April 24, 2007

Do you have a “perishable” opportunity?

You have a great idea. You know it will be successful if you can get it out into the marketplace. But is your opportunity perishable?

Bill Payne, entrepreneur-in-residence at the Kauffman Foundation, explains an idea is perishable if it will “have no value unless commercialized in a limited window of time.” So what if your business idea could be classified as perishable? Bill offers a few suggestions.

1. Make sure the idea is both scaleable and fundable
2. Hurry, with patience
3. Consider shortcuts to the marketplace, such as development and/or marketing partners.

Bill explains, “It is always better to share a perishable idea and take a smaller piece of the pie than to see the window of opportunity disappear.”

Exit Strategy

Before investing in a company, it is important to know what type of exit strategy an entrepreneur is seeking. Whether through an IPO, a merger or acquisition, an entrepreneur should be able to convince you why and how they will exit.

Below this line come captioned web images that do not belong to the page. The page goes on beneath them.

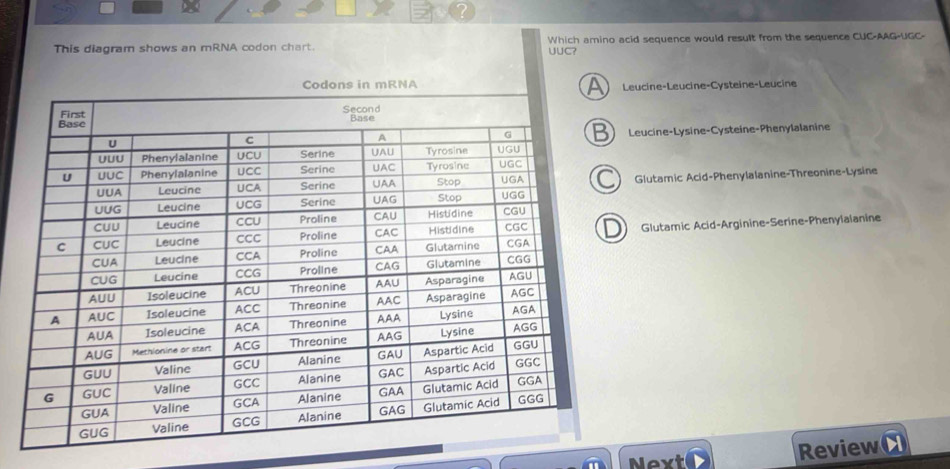 This diagram shows an mRNA codon chart. Which arino acid sequence would result from the sequence CUC-AAG-UGC-
UUC?
Leucine-Leucine-Cysteine-Leucine
Leucine-Lysine-Cysteine-Phenylalanine
Glutamic Acid-Phenylalanine-Threonine-Lysine
Glutamic Acid-Arginine-Serine-Phenylalanine
Next
Review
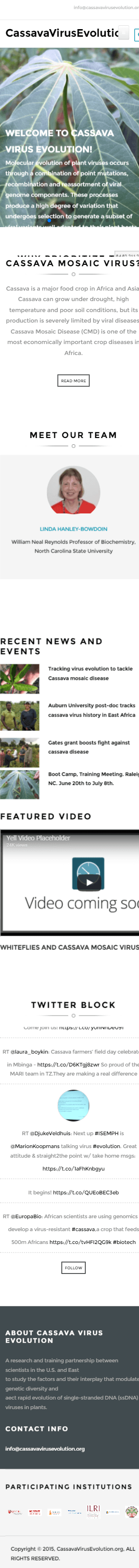 Cassava virus evolution mobile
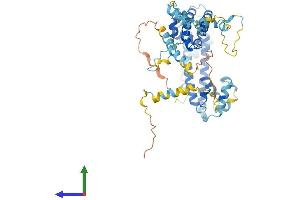 Protein Structure (PS) image for Pre-mRNA Processing Factor 31 (PRPF31) (AA 1-499) protein (His tag) (ABIN7550962)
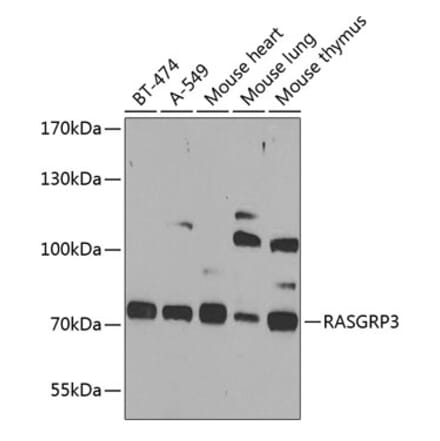 Western Blot - Anti-RASGRP3 Antibody (A12171) - Antibodies.com
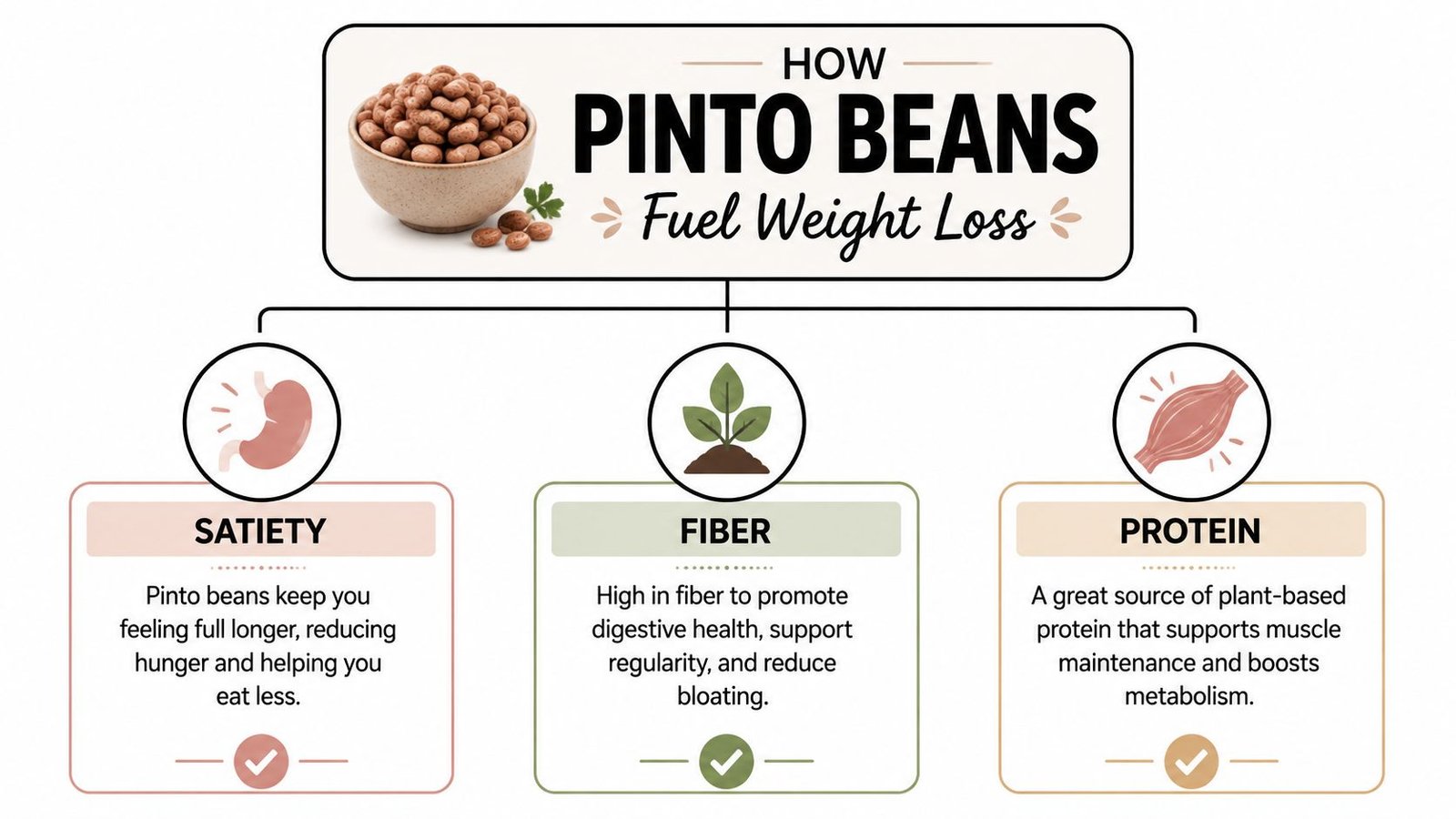 An infographic explaining how pinto beans support weight loss through satiety, fiber content, and plant-based protein.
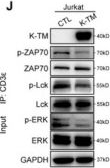 Fig.5.J showing Western Blotting from the publication: HERV-K TM Subunit Elicits CD8+ T Cell Anergy and Tumor Immune Evasion via Targeting CD3 Coreceptor ε in AML and PDAC.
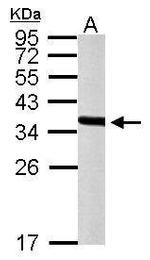 PEX19 Antibody in Western Blot (WB)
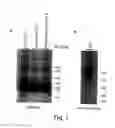 Fig. 02 - T CELL COSTIMULATING POLYPEPTIDES AND USES THEREOF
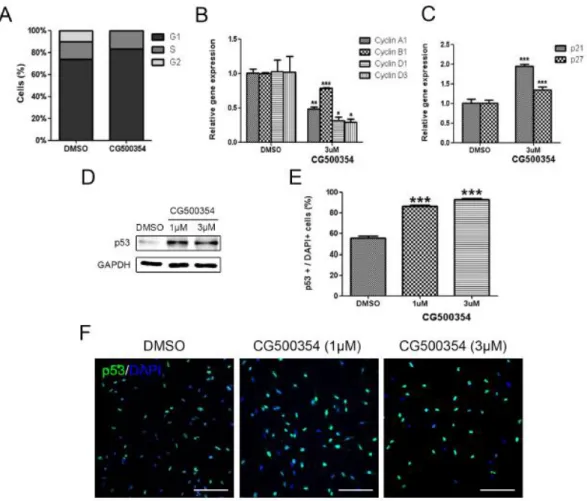Figure 2.  Growth  arrest of  human primary GBM-derived  cells through  p53  overexpression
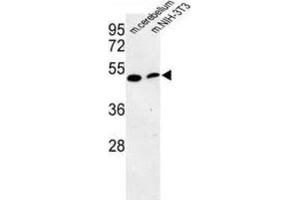 Western Blotting (WB) image for anti-phosphatidylserine Decarboxylase (PISD) antibody (ABIN3003933)
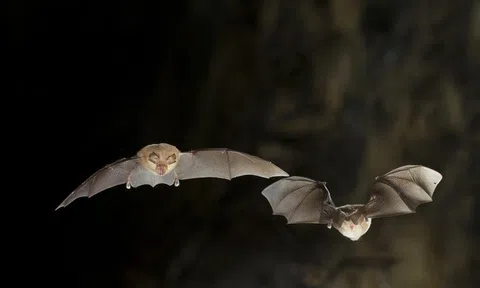 Phát hiện 3 loại virus corona mới tương tự SARS-CoV-2 trên loài dơi ở Lào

Bill Payne, entrepreneur-in-residence at the Kauffman Foundation, explains this idea further. “Entrepreneurs must wear two hats, one as founder/employee and a second as an owner of startup companies. The founder/employee hat dominates the activity of the entrepreneur during the startup and operations of the company. But, the ownership hat is, in fact, more important to the entrepreneur, because a successful exit will have a lasting impact on the entrepreneur and his or her family. Successful entrepreneurs create wealth for their families; consequently, adequate attention to their ownership position in their companies is a critical but often overlooked responsibility of entrepreneurs.

Harvesting their ownership position is, in fact, their final and perhaps most important act as entrepreneurs. And executing the exit strategy is vital to the success of the investors. Consequently, a compatible exit strategy and harmonious execution of the harvest is in the best interest of both parties.”